The complaint alleges, inter alia, that the lease, dated July 1,1948, was for a period of twenty years, covering premises containing a theater, four stores and a loft; that the plaintiffs deposited with defendant the sum of $15,000 in accordance with Article V of the lease, as security for the full and faithful performance of the covenants and obligations of the lease; that plaintiffs have fully complied with all the covenants, conditions and obligations on their part to be performed under said lease; that defendant, through her attorneys, returned to plaintiffs the July 1949 instalment of rent, with a notice of election to terminate the lease for an alleged default in the covenant to keep the building and improvements in first class condition, and in the covenant to make the special repairs, alterations and *53rehabilitations specified in Article XXVI of the lease, all to be completed on or before July 1, 1949; that the notice was dated July 22,1949; that the lease, although bearing the date July 1, 1948, was not in fact executed until about November 30, 1948; that all of the repairs, alterations and rehabilitations were commenced prior to July 1, 1949, and finally completed on or about August 10, 1949; that the delay in completion was due to the refusal and failure of defendant to approve within a reasonable time the suggested changes made by plaintiffs to her, in the required repairs, alterations and rehabilitations; that although the contract price for the original work was $7,300, the suggested changes by plaintiffs would have required an expenditure on their part of an additional $2,000 or $3,000, and were intended to improve the appearance of the building; that after a reasonable time elapsed, and defendant failed to approve the suggested changes, plaintiffs proceeded to complete the work without the changes; that defendant still retains the $15,000 deposited with her as security; that if defendant suffered any damage or injury as a result of the delay in the completion of said work, said loss or injury is fully compensated by the deposit of $15,000, and plaintiffs offer to compensate defendant for any loss or damage so suffered above said amount as will make her whole, aside and beyond the said sum of $15,000 so deposited; that the only purpose of bringing the forcible detainer action is to accomplish a forfeiture of the lease and to obtain possession by defendant of said premises.
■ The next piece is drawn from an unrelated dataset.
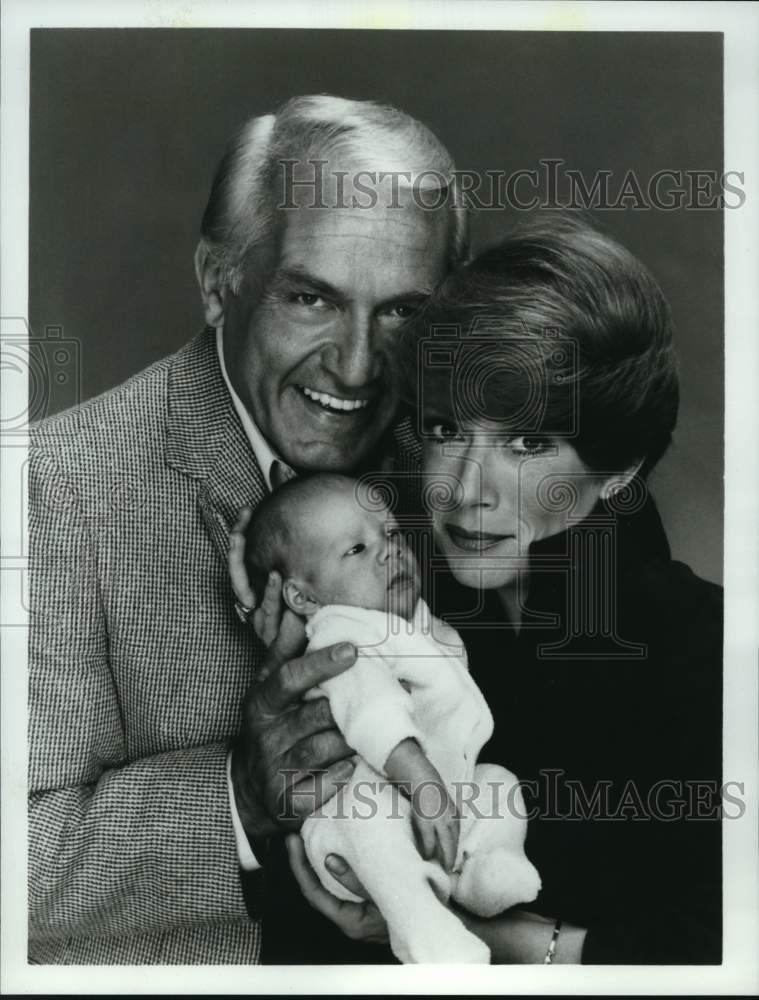 1983 Press Photo Ted Knight, Nancy Dussault hold baby in "Too Close for Comfort" - Historic Images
The only point urged for reversal of the injunction order is that a court of equity, upon the facts alleg'ed, has no jurisdiction to restrain the prosecution of the forcible detainer action in the municipal court, since all the facts alleged in the complaint could be fully availed of as a defense in the forcible detainer action. We cannot agree with this contention. In Kahn v. *54 Loeffler, 339 Ill. App. 276, No. 44,834, decided January 23, 1950, by this court, upon a state of facts analogous to that in the instant case, we held that the superior court had jurisdiction to restrain the prosecution of a forcible entry and detainer action brought upon a claimed right of forfeiture of a leasehold. In Waukegan Times Theatre Corp. v. Conrad, 324 Ill. App. 622, the court sustained the right to enjoin the prosecution of a forcible entry and detainer action based upon a claimed right of forfeiture of a lease. The two cases cited were decided since the present Practice Act [Ill. Rev. Stat. ch. 110, par. 125 et seq.; Jones Ill. Stats. Ann. 104.001 et seq.] was passed. In Cordell v. Solomon, 234 Ill. App. 430, the court sustained the jurisdiction of the court of equity to restrain the prosecution of a forcible detainer action, and this court (Second Division) there said:

“Furthermore, it does not follow that, because the case is one in which a remedy at law is afforded, equity will not also take jurisdiction of the same state of facts to afford the same redress. ‘If the remedy in equity is more adequate because of some special circumstance of the situation, the jurisdiction of equity will be sustained.’ ” (Citing cases.)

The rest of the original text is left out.